Provided material:

= Beginning of Section =

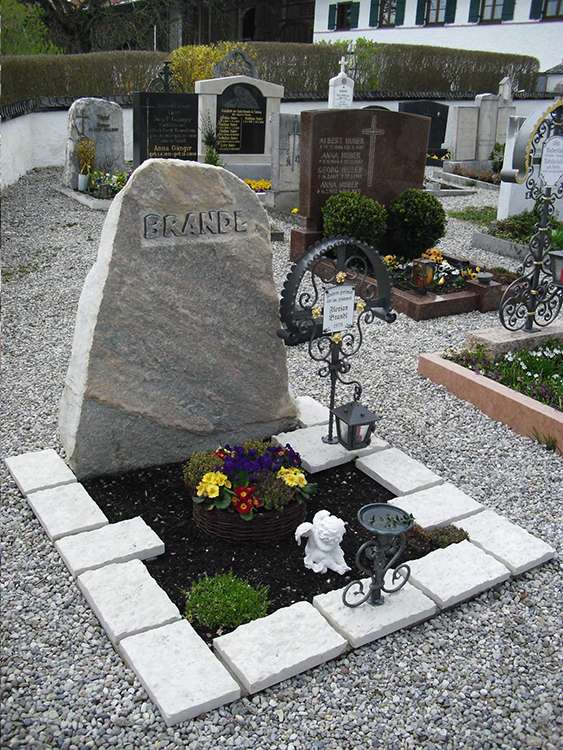 Reinigung Schrift erneuert auf Stein und Taferl Vergleich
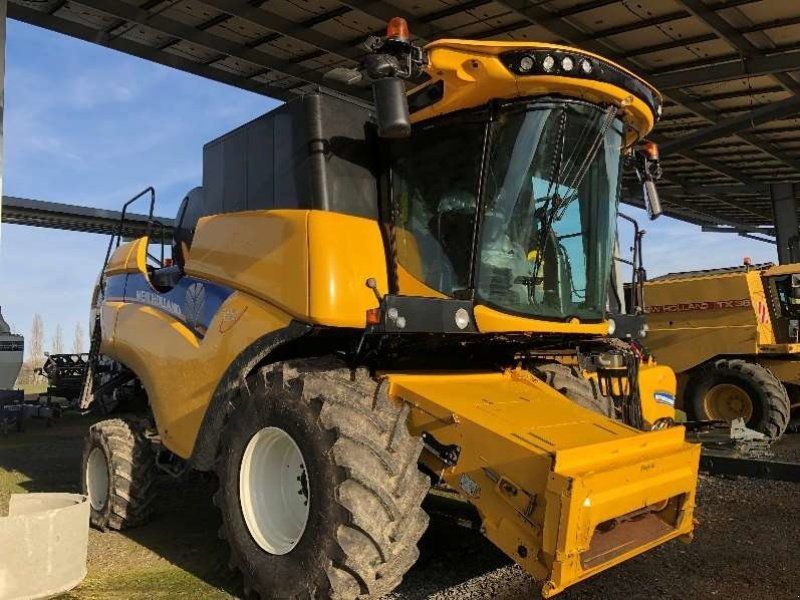 New Holland CX6.80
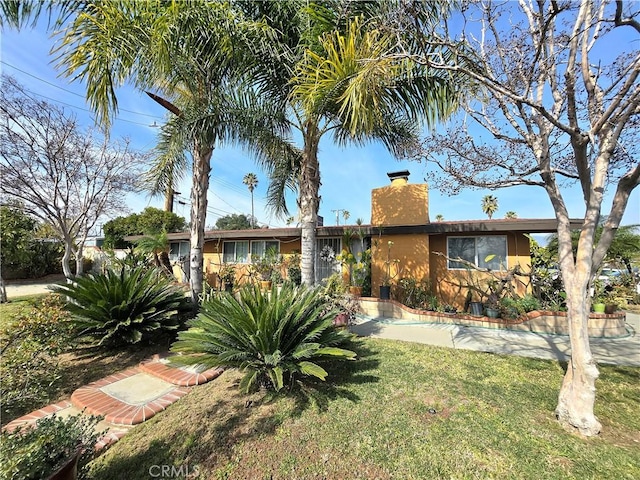 view of front of house with a front lawn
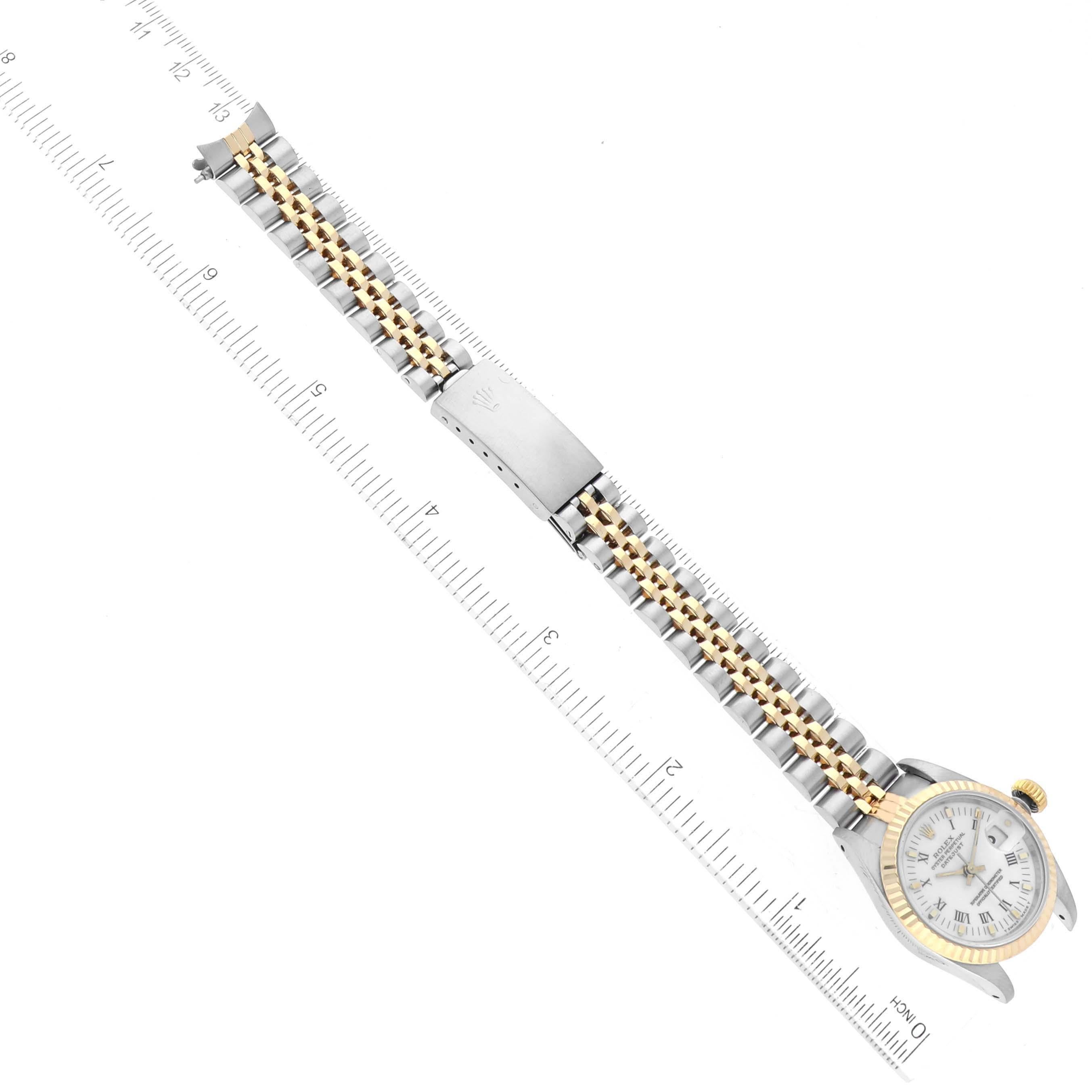 Rolex Montre Datejust pour femme en acier et or jaune avec cadran romain blanc 69173 en vente 5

= End of Section =

Work to be completed:
Your answer must be the full listing, word for word, minus any images.

Answer section:
 Reinigung Schrift erneuert auf Stein und Taferl Vergleich
 New Holland CX6.80
 view of front of house with a front lawn
 Rolex Montre Datejust pour femme en acier et or jaune avec cadran romain blanc 69173 en vente 5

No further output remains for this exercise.